If a crystal changes chemically or structurally, yet keeps the shape of the original, it is called a pseudomorph or "false form"; it looks like a crystal of one species but is composed of another (Sinkankas). Pseudomorphs include the following:

Paramorphs are the result of polymorphism, the existence of a chemical compound or element in two or more crystal structures (KL).

Polytypes are a special case of paramorphs where multiple close-packed crystal structures differ in one dimension only. Polytypes have identical close-packed planes, but differ in the stacking sequence in the third dimension perpendicular to these planes. It is most common in phyllosilicates, for example micas and chlorides, also some hydroxycarbonates like the hydromagnesite group, some elements, such as graphite, some carbides, such as moissanite, and sulphides with layered structures like molybdenite and pyrrhotite.

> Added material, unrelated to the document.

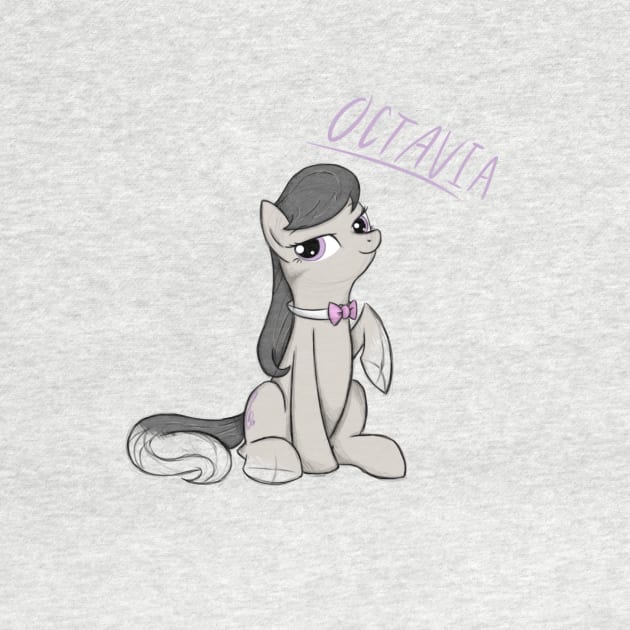 Sketchy Octavia by Natsu714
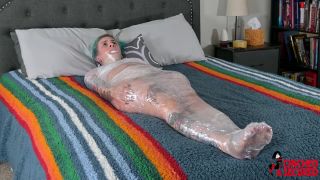 online xxx clip 12 Cinched and Secured – Mia Hope Mummified and Tickled!, femdom orgasm torture on fetish porn -9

Normally polytypes are not defined as separate species, but there are exceptions, such as sphalerite/wurtzite and kaolinite/dickite/nacrite (Mindat).

Alteration pseudomorphs result from processes involving chemical reactions (KL).

Replacement pseudomorphs involve complete or partial solution and chemical precipitation of a new substance (KL).

Epimorphs occur where an original mineral is encrusted by a second one, but the core of the first mineral remains unchanged (KL).

Perimorphs occur where an original mineral is encrusted by a second and then the first mineral is leached away leaving a hollow shell in the form of the original mineral (KL).